- _Available data_
━━━━

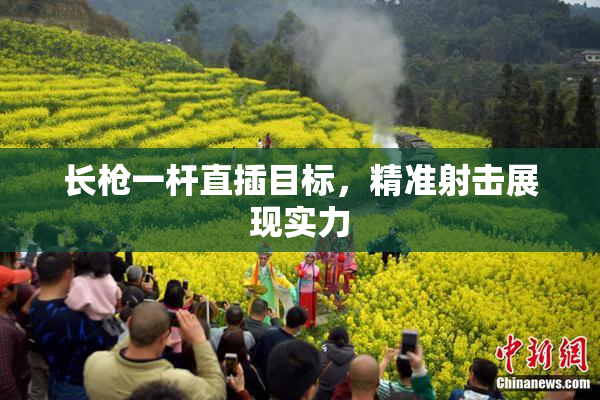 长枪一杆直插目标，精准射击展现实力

━━━━

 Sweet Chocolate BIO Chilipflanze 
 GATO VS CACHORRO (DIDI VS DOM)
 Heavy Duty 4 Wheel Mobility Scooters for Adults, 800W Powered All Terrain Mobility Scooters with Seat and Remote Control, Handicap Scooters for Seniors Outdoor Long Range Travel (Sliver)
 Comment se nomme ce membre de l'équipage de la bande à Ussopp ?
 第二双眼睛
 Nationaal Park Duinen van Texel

━━━━

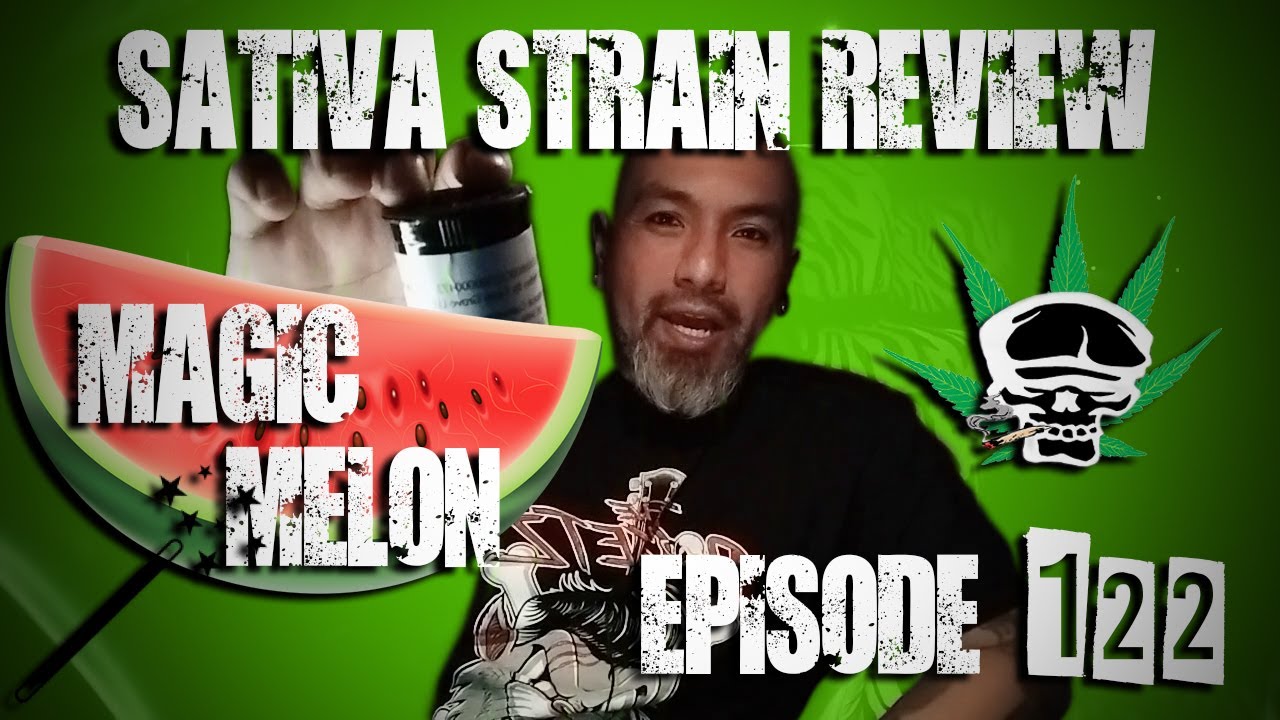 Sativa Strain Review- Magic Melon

━━━━

- _Task item_
Please give back exactly the lines of the listing above that run from the one containing "Heavy Duty 4" through the one containing "Nationaal Park Duinen van Texel", and only those.

- _Completed task_
 Heavy Duty 4 Wheel Mobility Scooters for Adults, 800W Powered All Terrain Mobility Scooters with Seat and Remote Control, Handicap Scooters for Seniors Outdoor Long Range Travel (Sliver)
 Comment se nomme ce membre de l'équipage de la bande à Ussopp ?
 第二双眼睛
 Nationaal Park Duinen van Texel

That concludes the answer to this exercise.